● Problem description
Working through the entries below, find how many lines include "Beach", then write only that number.

[Web page caption snippets]
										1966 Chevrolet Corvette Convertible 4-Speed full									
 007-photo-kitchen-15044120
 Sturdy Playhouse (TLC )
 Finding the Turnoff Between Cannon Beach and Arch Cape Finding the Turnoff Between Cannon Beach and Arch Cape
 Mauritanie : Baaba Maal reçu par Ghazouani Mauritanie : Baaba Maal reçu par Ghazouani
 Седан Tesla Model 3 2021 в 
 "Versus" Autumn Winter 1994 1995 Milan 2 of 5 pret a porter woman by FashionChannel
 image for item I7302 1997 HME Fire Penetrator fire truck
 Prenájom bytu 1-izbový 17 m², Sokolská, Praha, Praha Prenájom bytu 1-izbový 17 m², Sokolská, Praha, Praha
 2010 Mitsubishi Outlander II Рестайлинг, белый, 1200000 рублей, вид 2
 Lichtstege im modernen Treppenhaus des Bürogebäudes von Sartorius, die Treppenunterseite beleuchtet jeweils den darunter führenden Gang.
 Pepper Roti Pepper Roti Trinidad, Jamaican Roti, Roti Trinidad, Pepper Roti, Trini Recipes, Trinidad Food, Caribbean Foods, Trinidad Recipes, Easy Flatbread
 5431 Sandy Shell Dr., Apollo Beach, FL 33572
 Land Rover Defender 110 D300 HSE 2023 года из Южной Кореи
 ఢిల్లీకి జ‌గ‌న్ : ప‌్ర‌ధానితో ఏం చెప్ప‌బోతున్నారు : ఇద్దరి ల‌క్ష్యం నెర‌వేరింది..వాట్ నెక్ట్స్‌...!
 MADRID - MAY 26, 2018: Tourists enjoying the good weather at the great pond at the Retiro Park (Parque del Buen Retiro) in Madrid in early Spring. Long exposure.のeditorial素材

● Solution below
2